What helps Great Expectations maintain its hold on our emotions is the mystery at the heart of the story; the identity of Pip’s benefactor and the secret that Estella harbors that even she is unaware of. And the drama deepens as Pip faces new challenges: while he woos Estella in the ballrooms, Havisham still lurks in the shadows, spinning her web—but is she the only Tarantula in town or are there other spiders lurking?
Like London, Dickens’ novel is stuffed with characters, the more eccentric the better, and Lean seems to make room for every one of them. Though they may appear for five minutes or five seconds, we remember them as if we’d studied them for years—Bernard Miles as the achingly kind Joe, and Freda Jackson as his demonic wife, a performance so coruscating she convinces us that she dominates not only her husband but the movie itself, and yet she has but a few minutes of screen time. Frances L. Sullivan is the unknowable Mr. Jaggers, at one moment a fearsome figure, at others a savior.
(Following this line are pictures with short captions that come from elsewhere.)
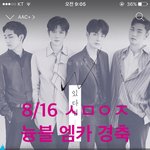 [뉴이스트] ㅅㄷ 러브들 엠카 많이 가??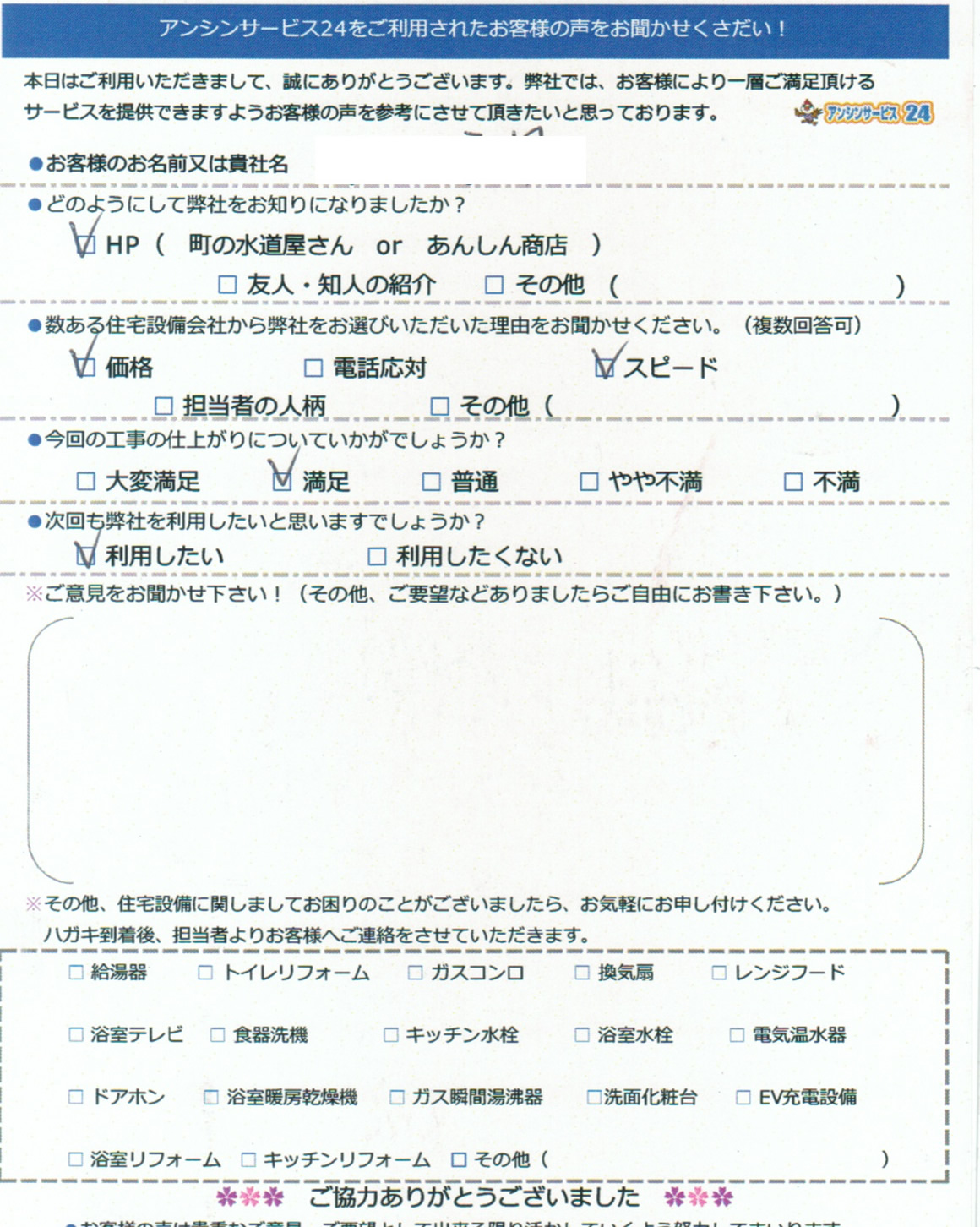 東郷町N様邸給湯器交換工事のお客様より依頼して良かったのお声
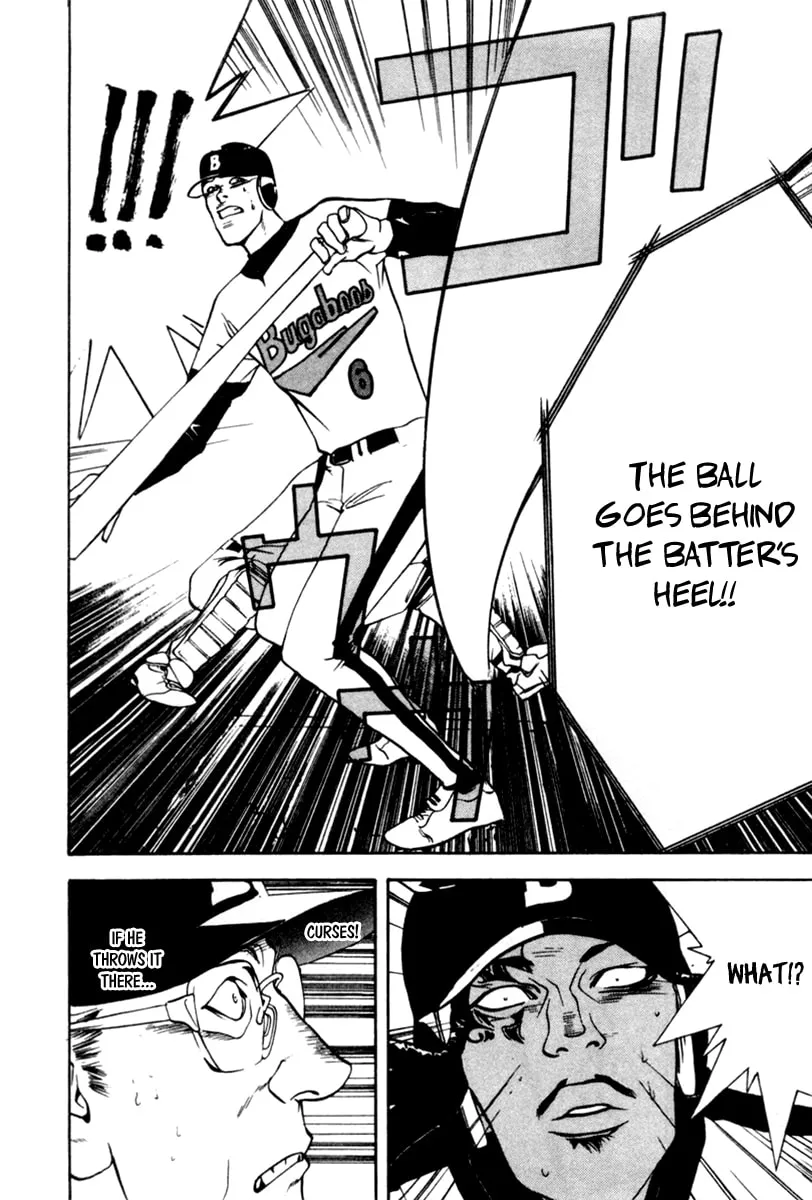 Read One Outs chapter 43 image 18 on Lezhin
Once again Alec Guinness plays Herbert Pocket, a somewhat thankless part as Pip’s true-blue pal. Martita Hunt reprises her role as Miss Havisham, an indelible performance that put the role under lock and key, and woe betide the actress who tries to usurp it. Finley Currie is Magwitch—from the chain gang to the manor house, he is the most honorable figure in the story, the architect of Pip’s great expectations; if Pip is finally the hero that Dickens forecast it is a result of the lesson he learned on that Christmas Eve in the graveyard.
David Lean is best remembered for monumental productions like Dr. Zhivago, Passage to India, and his most famous film, Lawrence of Arabia. At first glance such Super Panavision crowd pleasers would seem to overpower the director’s more modestly scaled films—but while Lawrence overwhelms our senses, Great Expectations gets under your skin, it’s an intimate epic.
Great Expectations is still unavailable on Blu ray in the United States but ITV released a version in Britain in 2008 that will do quite nicely till someone (and by “someone” I mean Critertion) gets their hands on it. The ITV picture quality is lovely but Guy Green’s cinematography demands more care, a restoration is called for. And the sheer amount of extras necessary to document the making of the film could fill a book longer than the novel itself. One day those great expectations will be met.